Charlie Turner, supervisor of the programming group at IET-Mediaworks, had created a podcasting website and infrastructure to support other projects. The site was included in the pilot run because it supported the same in-browser playing and file download ability as podcasting in MyUCDavis, but it also allowed users with any MP3 player to subscribe to an RSS feed. After the Fall 2005 pilot run, it was decided that Turner’s application was the better choice.

“We had to create a distribution system from the ground up, which is easy to do on a small scale,” Turner says. “As we scale up for a campus-wide implementation, larger issues arise like the need for an Akamai file server system to handle bandwidth and a method to easily add ID3 tags to the files.”

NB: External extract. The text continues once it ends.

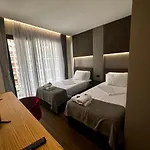 Frojd Kune & Shëngjin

To ensure adoption by the teaching staff, each step in the process—from recording to uploading the files to distribution—was made as simple as possible to the respective user. The issue of ID3 tags was solved at the server level, while the upload form on the Web uses as much auto fill information as possible. “To upload a new file, an instructor, at minimum, has to input four characters and click three buttons. The process is simple even though the back end is complex,” Kleinschmidt says.

Podcasting has gained so much interest across the University of California system that a session on podcasting was included at this year’s UC Computing Services Conference, a UC-wide gathering for IT staff. “Podcasting had enough visibility to get a time slot,” Turner says. “There is definitely grass roots interest, and with participatory media the possibilities are wide open.”

Moving forward, the greatest challenge to Turner and Kleinschmidt is a matter of scale. “Are we ready for 25,000 users?” Turner says. “Probably not yet; there is a cost associated to that level of use so we are exploring other technologies like the use of peer-to-peer networks to alleviate bandwidth issues.”

Currently, an average of 13 classes per quarter use the campus podcast system, with more than 4,000 users accessing digital lectures, and more than 50,000 downloads to date. Student surveys found that, on average, half of the students in each class subscribed to their course podcast during the Winter 2006 quarter. By Spring quarter, usage of the system had increased to 69 percent.